The Yoyo Drilling Rig at Drake Well

Last week's post lists events on the Trails of History through August 22, and the August program page covers the rest.

My thanks to guest blogger Susan Beates, curator at the Drake Well Museum and Park, for this week's post. Sue notes that site staff "have rearranged the outdoor exhibits at the museum. The goal is to have the outdoor exhibits mirror the themes of the indoor museum, with new signage to challenge visitors to think about the old machinery in new ways. The first phase called for most of the machinery to be moved so the artifacts will be grouped by subject – drilling, producing oil, etc." But first, a brief recap of recent events on the Trails of History.

Previously on the Trails of History

  • The Pennsylvania Military Museum has posted as series of albums from the 2019 Boot Camp for Kids; check out their Facebook page to see them all.
  • If you like photos of animals, you need to visit Pennsbury Manor's page for Duo the Barn Cat, Bill the Ox, and several geese whose names I don't know
  • Ephrata Cloister shared photos from their Ice Cream Social, with visitors enjoying tours of the Saal, music by Ethan Fasnacht and (of course) Turkey Hill ice cream.
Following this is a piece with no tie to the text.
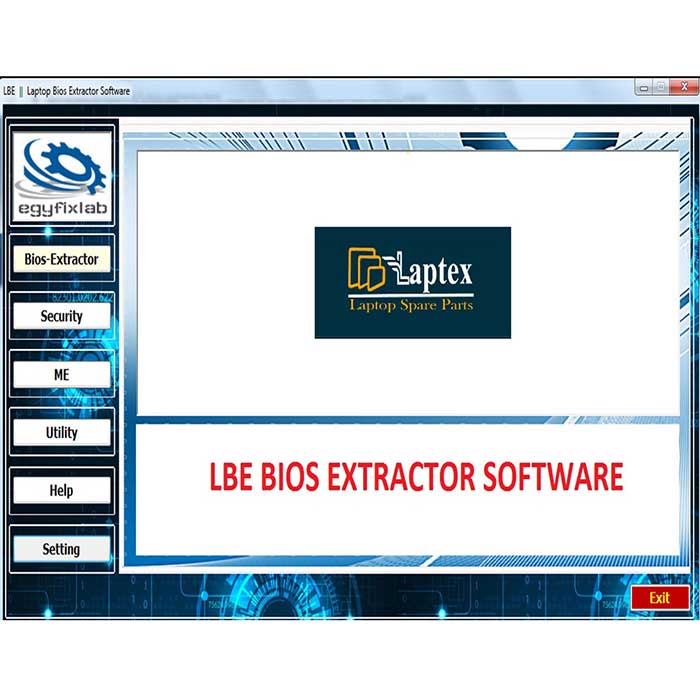 LBE 1.5 Bios Extractor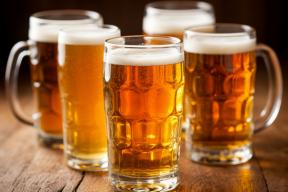 Россияне стали существенно меньше пить пиво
Visitors also saw demos by the Lancaster Spinning and Weaving Guild and got to know the K-PETS therapy animals
  • Kids attending the Pennsylvania Lumber Museum's Cork Camp spent the first day learning "woodhick" skills and the second day demonstrating those skills at the Cherry Springs Woodsmen Show

The Yoyo Drilling Rig

Metal machinery with geared wheels and a tall structure at one end
The Yoyo Drilling Rig at Drake Well Museum and Park. The tall piece on the left side of the photo is called a "mast."
Seventy-five years ago John Hawley, owner of Northern Ordnance Company of Minneapolis, MN, thought the U.S. needed a new system of exploration in order to avert a potential oil shortage. He jumped into the oil industry and said “Oilmen are a bunch of fuddy-duddies.” His system was to “drill all over hell.” The portable Yoyo Drilling Rig at Drake Well Museum was one way he accomplished that.

Hawley and Albert “Slick” Spence of Pleasantville, PA, designed a heavy-duty "spudding" machine for exclusive use on Northern Ordnance’s Pennsylvania oil leases, which covered over 10,000 acres. Using surplus naval pumps and gun-mount parts from Northern Ordnance's World War II defense contracting jobs, they built about 40 of these flat-bottomed 14-ton machines at Hawley’s Minneapolis factory. It takes a D-6 Caterpillar bulldozer hooked on to the front bottom to tow the rig to a new drilling site. When drilling, the mast leans forward then jumps back up like a yoyo. The machine could drill wells to a depth of 2,000 feet and was used in Warren, Forest and Venango Counties in Pennsylvania's oil region.

Man positions one of two tow trucks needed to move oil drilling rig

This past summer, Shambaugh Towing of Titusville moved the Yoyo Drilling Rig onto a cement pad. As the photo above shows, it took two large tow trucks to pull the beast in place. Its new location next to the Standard Steel Drilling Rig will help visitors see how drilling technology changed over time. (To plan your visit, check out Drake Well Museum's website.)